Hoje em dia, com a melhoria da tecnologia de imagem ultra-sonográfica, obstetras e cardiologistas fetal/perinatal devidamente treinados obtêm uma visão padrão do coração fetal e dos grandes vasos sem muita dificuldade. O istmo aórtico pode ser facilmente identificado tanto na visão longitudinal (Figura 1a-c) quanto na transversal (Figura 1d) que são utilizadas rotineiramente durante o ecocardiograma fetal. Uma vez identificado este segmento vascular, a velocimetria Doppler pode ser realizada em qualquer uma das vistas mostradas na Figura 1, colocando a porta Doppler (cursor) no local apropriado, mantendo o ângulo de insonação o mais baixo possível. Embora as formas de onda de velocidade de fluxo Doppler possam ser obtidas usando imagens de modo B e Doppler de onda pulsada (Figura 1c), recomenda-se a interrogação por Doppler de onda pulsada direcionada por cor, pois ajuda na identificação dos vasos e mostra a direção do fluxo sanguíneo, permitindo o posicionamento ideal do cursor. O tamanho da porta de onda pulsada (volume da amostra) deve ser ajustado de acordo com o tamanho do istmo aórtico, que depende da idade gestacional do feto, para evitar o registro dos sinais dos vasos adjacentes. As formas de onda da velocidade do fluxo sanguíneo são registradas durante a quiescência fetal.
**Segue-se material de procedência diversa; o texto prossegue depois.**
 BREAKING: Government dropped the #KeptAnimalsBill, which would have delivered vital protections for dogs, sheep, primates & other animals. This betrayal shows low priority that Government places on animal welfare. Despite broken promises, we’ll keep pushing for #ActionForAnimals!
As formas de onda de velocidade de fluxo do istmo aórtico obtidas de um dos planos ultrassonográficos (vista do arco aórtico longitudinal ou três vasos e vista da traquéia) são bastante semelhantes (Figura 2) e reprodutíveis9,20. O posicionamento preciso do cursor pode ser mais simples na visão longitudinal, pois a origem da artéria subclávia esquerda é relativamente mais fácil de ser visualizada neste plano e há menos possibilidade de se obter curvas de velocidade de fluxo sanguíneo a partir do arco aórtico transversal do que do istmo. Por outro lado, pode ser mais simples, mais fácil e menos demorado obter a visão dos três vasos e da traqueia em vez da visão do arco aórtico longitudinal.
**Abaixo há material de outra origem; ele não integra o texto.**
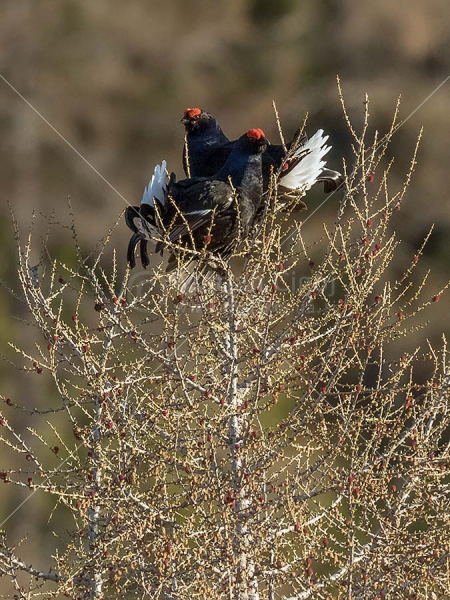 Klikni za ogled večje slike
A forma de onda de velocidade de fluxo do istmo aórtico tem uma forma típica e é facilmente reconhecível na maioria dos casos. Tem um rápido upstroke sistólico (tempo de aceleração curto), com velocidades médias de pico sistólico variando entre aproximadamente 30 e 100 cm/s de 11 semanas a termo10, 21. A isto se segue uma desaceleração mais gradual da velocidade e uma incisura estreita (na maioria dos casos) no final da sístole. Uma pequena inversão de fluxo por um período de tempo muito curto é geralmente observada no final da sístole (Figura 3a), no terceiro trimestre de gravidez7, 8. Entretanto, esta breve inversão de fluxo sistólico final está ausente antes da 20ª semana7, 21 e é menos comumente registrada quando as formas de onda de velocidade de fluxo do istmo aórtico são obtidas no plano de imagem transversal (três vasos e vista da traquéia)10. A reversão do fluxo sanguíneo durante a diástole ou reversão do fluxo sanguíneo líquido (ou seja, fluxo retrógrado total > fluxo anterógrado total durante o ciclo cardíaco) no istmo aórtico (Figura 3b) é sempre anormal.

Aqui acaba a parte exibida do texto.